Do I want to be loved in spite of? Do you? Does anyone? But aren’t we all, to some degree?
Aren’t there important parts of all of us which must be, so to say, gazed past? I turn a blind eye to that aspect of you, and you turn a blind eye to that aspect of me, and with these blind eyes eyeball-to-eyeball, to use an expression from the early 1960s, we continue our starched and fragrant lives. Of course it’s also called “making the best of things,” which I have always considered a rather soggy idea for an Americal ideal. But my criticisms of this idea must be tested against those of others–the late President McKinley, for example, who maintained that maintaining a good, in not necessarily sunny, disposition was the one valuable and proper course.

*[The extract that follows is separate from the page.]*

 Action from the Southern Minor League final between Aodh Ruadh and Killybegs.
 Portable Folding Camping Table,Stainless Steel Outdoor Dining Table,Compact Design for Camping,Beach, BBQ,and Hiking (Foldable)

Hilda placed her hands on Rebecca’s head.
“The snow is coming,” she said. “Soon it will be snow time. Together then as in other snow times. Drinking the busthead ’round the fire. Truth is a locked room that we knock the lock off from time to time, and then board up again. Tomorrow you will hurt me, and I will inform you that you have done so, and so on and so on. To hell with it. Come, viridian friend, come and sup with me.”
They sit down together. The pork with red cabbage steams before them. They speak quietly about the McKinley Administration, which is being revised by revisionist historians. The story ends. It was written for several reasons. Nine of them are secrets. The tenth is that one should never cease considering human love, which remains as grisly and golden as ever, no matter what is tattooed upon the warm tympanic page.